Craig: I think it’s notable that you dealt with authority in an impressive way because I think when I was starting out, I was young, I was maybe 24, 25, I would put authority ahead of my own instincts all the time because I’m like, “But that’s their job. What the fuck do I know?” I think one thing that your generation has the benefit of is that you had a platform to do it yourself minus any authority. The authority came to you because of the things you did without the authority. When they start to dish out the authority, it feels like there’s a reasonable chance for you to go, “No.”
Eva: Yes, or you make something with the authority and you’re like, “Well, yes, this isn’t working.” They are like, “Wait, so how do you make it work?” It’s like, “Well, right.”
Craig: I stop listening to you and the things that you want me to do.
Eva: Something that was hard about working at Comedy Central was we would have meetings on a weekly basis about who was watching the videos and how much they hated any of the women working there would comment about how ugly everyone was. We would have meetings about how are we going to work on that. Then it was also like, “Well, the viewership base is people who we can’t isolate.” It was a lot of corporate stuff that I was like, “This is crazy I’m in this meeting.”
Then again, I guess that probably also prepared me for nothing shocking to me now. Sometimes you meet with people and it’s like, “Damn, that’s a crazy thing to say to me but the men on the internet said something so much worse.”
Craig: I made the mistake of going to– I never go on Instagram. I have an Instagram account, but I never use it. I went there because my daughter put something on there and I wanted to watch it. Then because I never use Instagram and I’m on the website, there’s things on the left that have red numbers. I’m like, “Are these my friends talking to me?” I click on it and it’s just like a list of people literally telling me to die. Because I make a show based on a video game and it is a little crazy.

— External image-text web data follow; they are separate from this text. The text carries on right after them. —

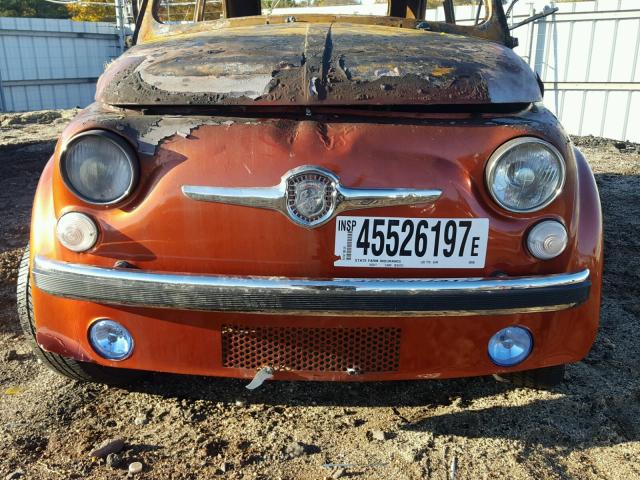 2400950 - 1970 FIAT 500 ORANGE photo 10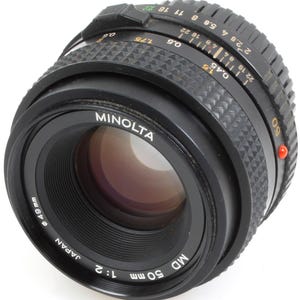 Minolta 50mm  f/2.0 MD Lens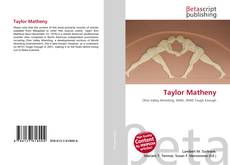 Taylor Matheny kitap kapağı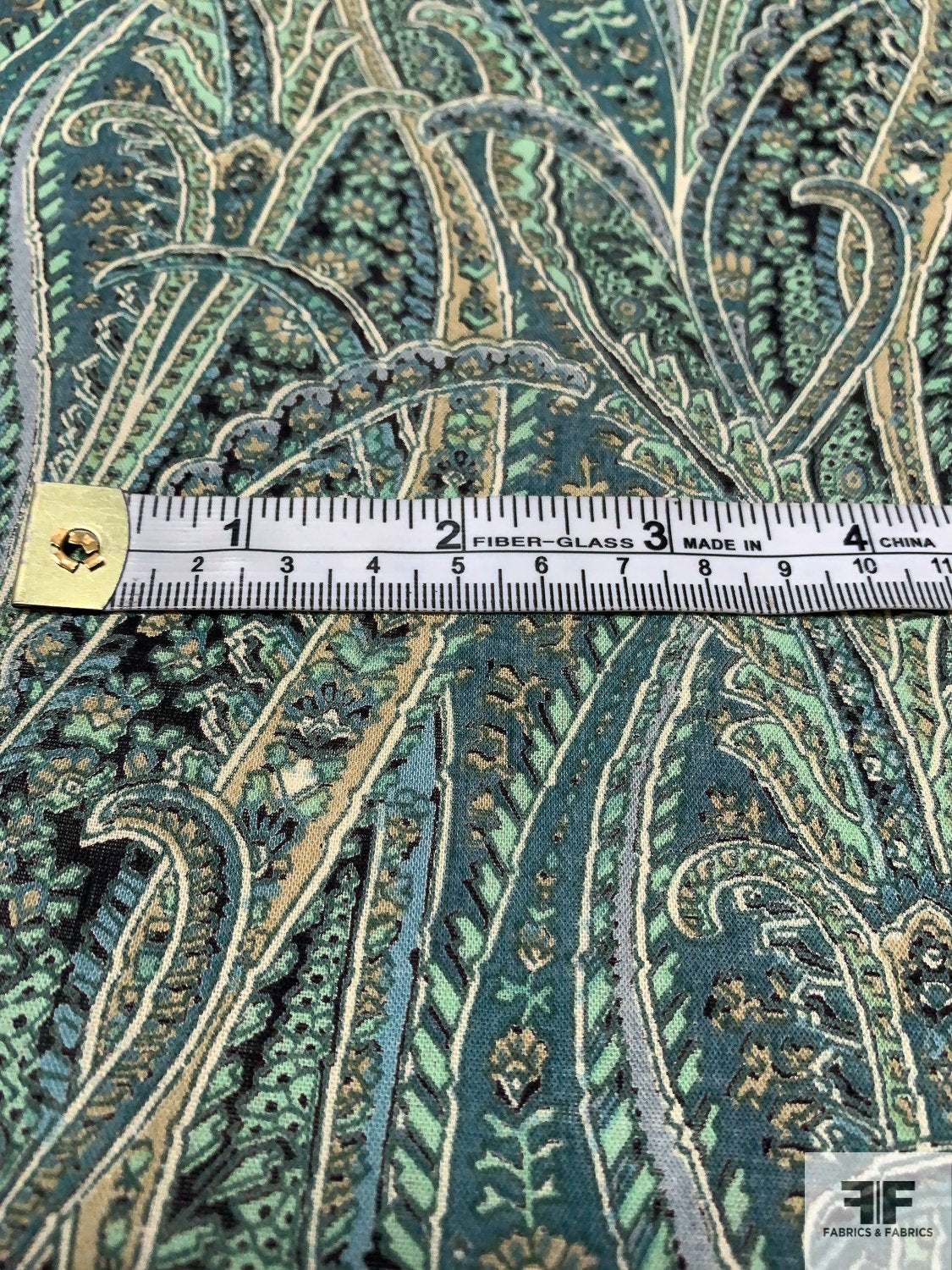 Liberty of London Paisley Forest Printed Fine Cotton Batiste - Shades of Green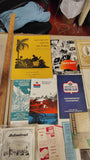 Vintage Mid Century 1950s Ephemera Lot Pamphlets Brochures Advertising MORE!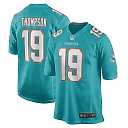 Zennovawear Men's Miami Dolphins Skylar Thompson Aqua Game Player Jersey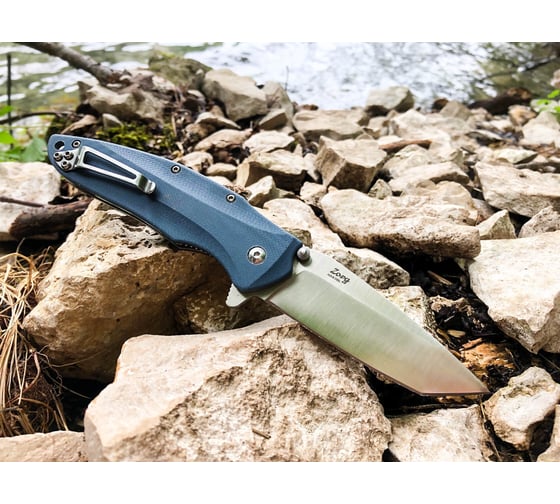 Складной нож Kizlyar Supreme Zorg cталь AUS-8, Satin, рукоять из G10 4650065054478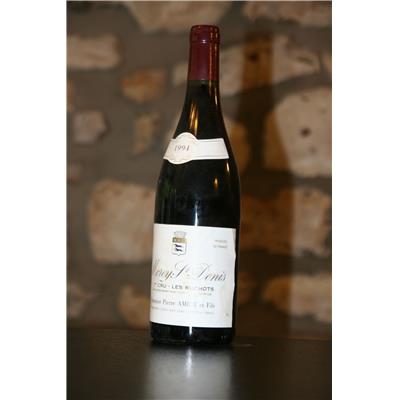 Vin rouge, Morey St Denis 1er cru, Domaine Amiot, Les Ruchots 1994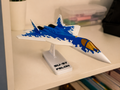 Sukhoi SU-57 Felon Scale Model — 3D Printed Stealth Fighter Jet Display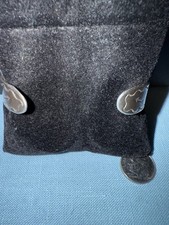 VTG F HARVEY ERA STERLING TURQUOISE FULL OPEN WING THUNDERBIRD  STAMPED BRACELET - Additional view 13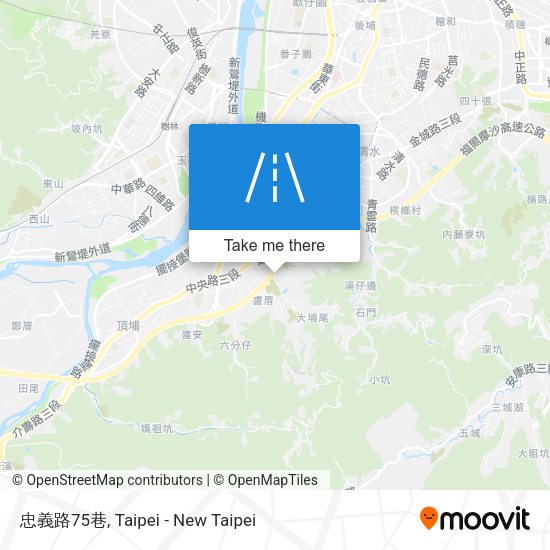 忠義路75巷地圖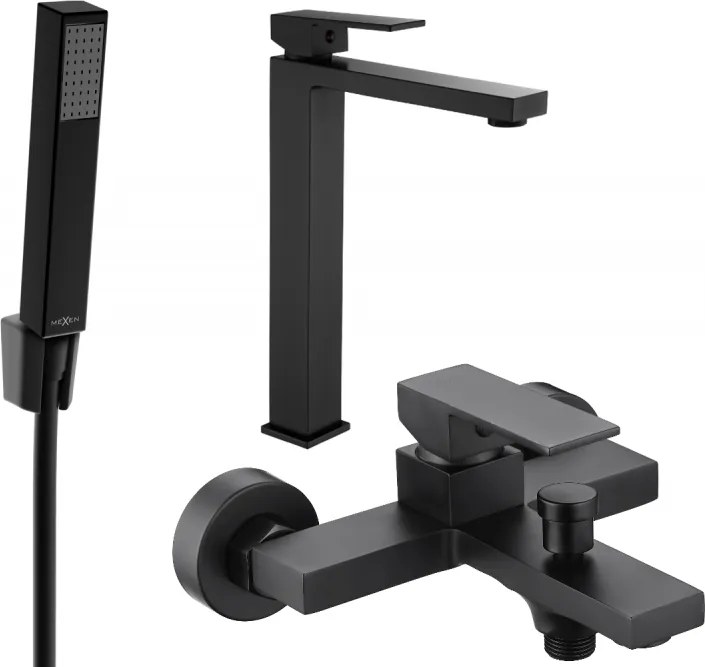 Mexen Uno R77 комплект за вана, черен - 71413R77-70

It didn’t feel great, but then I was like, “Wait, close the box, put box back in lead lined coffin, put coffin back in ground, never look at again.” No one is ever going to tell me in a meeting like, “Honestly, our feeling is that you should die.”
Eva: Not your people, but just people in general.
Craig: Maybe right on again.
John: Craig, I suspect that five years from now, you and I are going to be talking with a filmmaker who came out of Instagram, Reels, and TikTok. Just like there’s a film grammar for what you’re doing at Comedy Central for those videos, there’s a film grammar for TikTok, for Reels. These people are incredibly talented at what they’re doing. They’re so smart and so sophisticated and they have such high production values, but it’s just not a film TV kind of thing. Them learning how to do that, it’s going to be so fascinating.
A friend of mine has a bunch of YouTube creators who are so smart and so good, but this last summer they did this thing where they all made short films, which is just really trying to learn what the film grammar is like. It’s just so different. Because you’re really good at one thing, you think anything, I’m great at being in front of a camera, but it’s different as Eva will tell us.
Eva: I will say, if you want to figure out how to do something, you have to watch a million things that they want to do. It’s the only way. If you want to make a movie, you watch movies. You have to watch movies from every time of the world. It’s interesting because I feel very grateful that when I was making videos on Twitter, there was 13 people doing that. Man, is it a crazy place now? I don’t know. There’s so much talent.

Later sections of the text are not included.